Cause it is still running on stone age technology...










Did Dodge ever figure out how to keep an automatic on the road for more than 30,000 miles yet or are they still working on that yet...


----------



## Philbilly2 (Aug 25, 2007)

K.C.C. said:


> Philbilly, do you know where the ambient air temperature element is located from the factory?


Look right below the Chevy logo threw your grill to the passenger side.


----------



## Mark Oomkes (Dec 10, 2000)

Philbilly2 said:


> Cause it is still running on stone age technology...
> 
> 
> 
> ...












Only the second truck that I drive that's made it to 100k on a tranny.
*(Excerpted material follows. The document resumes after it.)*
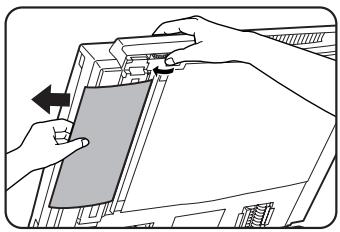 SAGEM MF 9535/MF 9545 - Open the document cover and turn the green rotating knob in the direction of the arrow to remove any misfed originals. - 1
And this one's tuned.


----------



## Philbilly2 (Aug 25, 2007)

Mark Oomkes said:


> View attachment 186723
> 
> 
> Only the second truck that I drive that's made it to 100k on a tranny. And this one's tuned.


Fake news... :laugh:


----------



## Philbilly2 (Aug 25, 2007)

Mark Oomkes said:


> View attachment 186723
> 
> 
> Only the second truck that I drive that's made it to 100k on a tranny. And this one's tuned.


That one got that Aisin trans in it?


----------



## Mark Oomkes (Dec 10, 2000)

Philbilly2 said:


> That one got that Aisin trans in it?


No...Dodge is too stupid. Can't get one in a 2500. Although I can get a 3500 with a 6.4 and an Aisin.

Idiots


----------



## Philbilly2 (Aug 25, 2007)

Mark Oomkes said:


> No...Dodge is too stupid.
> Idiots


We just agreed on something.... :laugh:


----------



## Mark Oomkes (Dec 10, 2000)

Philbilly2 said:


> We just agreed on something.... :laugh:


Eye gnu ewe wood ketch et...


----------



## Philbilly2 (Aug 25, 2007)

Philbilly2 said:


> Look right below the Chevy logo threw your grill to the passenger side.


Picture is worth 1000 words


----------



## K.C.C. (Jan 23, 2014)

Thanks Phil! I'll take a look this afternoon.

Much appreciated.


----------